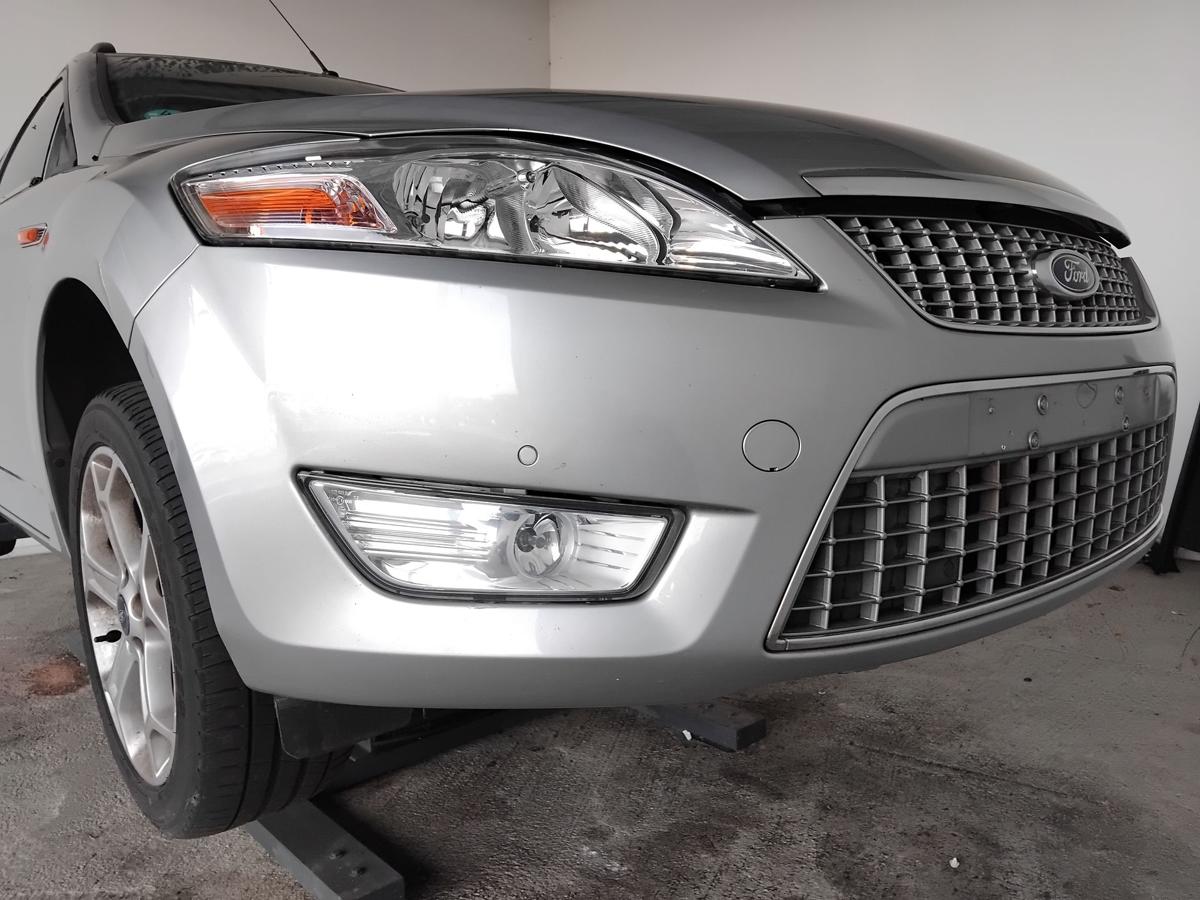 Ford Mondeo 4 BA7 original Sto&szlig;stange Sto&szlig;f&auml;nger vorn mit PDC Grill BJ2007 Cosmic Silber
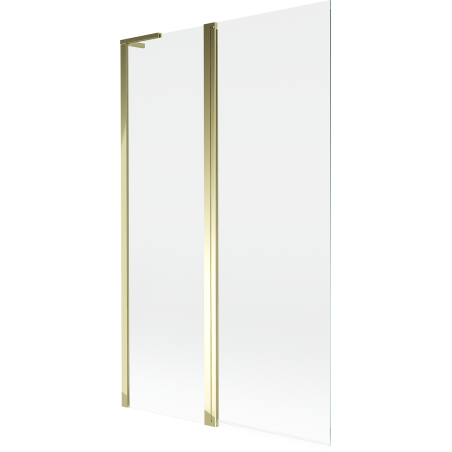 Mexen Mist L kétszárnyú kádparaván 110 x 150 cm, átlátszó, arany - 8A9L-110-011-50-00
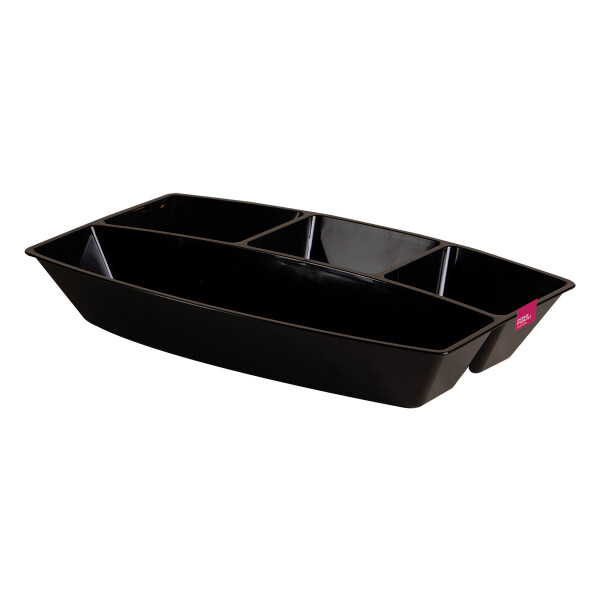 COPETINERO CON 4 DIVISIONES LE CHEF NEGRA 36 X 23,5 X 6 CM NEGRO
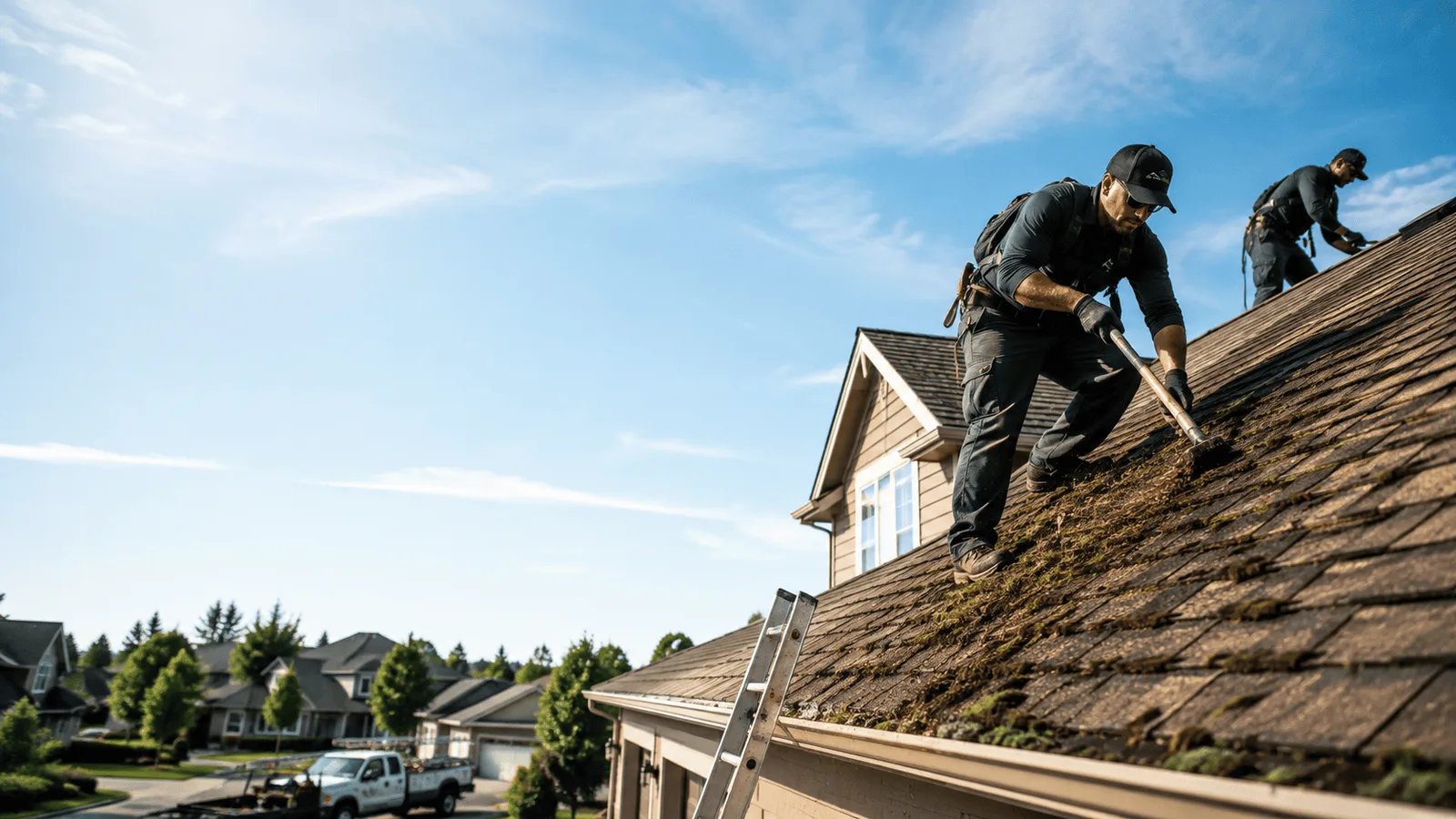 Roof Moss Removal in Birchleaf, VA near me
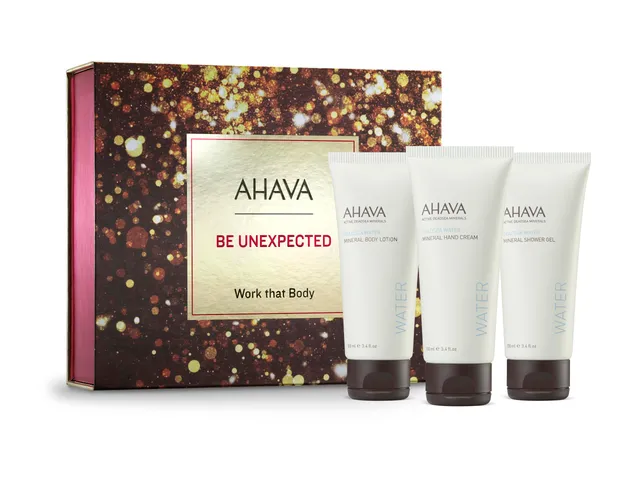 ahava-work-that-body-set-k-rperlotion-handcreme-duschgel-3x-100ml image 1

══════════

Task brief
Once the pictures are dropped, repeat the data above exactly.

Worked solution
 Ford Mondeo 4 BA7 original Sto&szlig;stange Sto&szlig;f&auml;nger vorn mit PDC Grill BJ2007 Cosmic Silber
 Mexen Mist L kétszárnyú kádparaván 110 x 150 cm, átlátszó, arany - 8A9L-110-011-50-00
 COPETINERO CON 4 DIVISIONES LE CHEF NEGRA 36 X 23,5 X 6 CM NEGRO
 Roof Moss Removal in Birchleaf, VA near me
 ahava-work-that-body-set-k-rperlotion-handcreme-duschgel-3x-100ml image 1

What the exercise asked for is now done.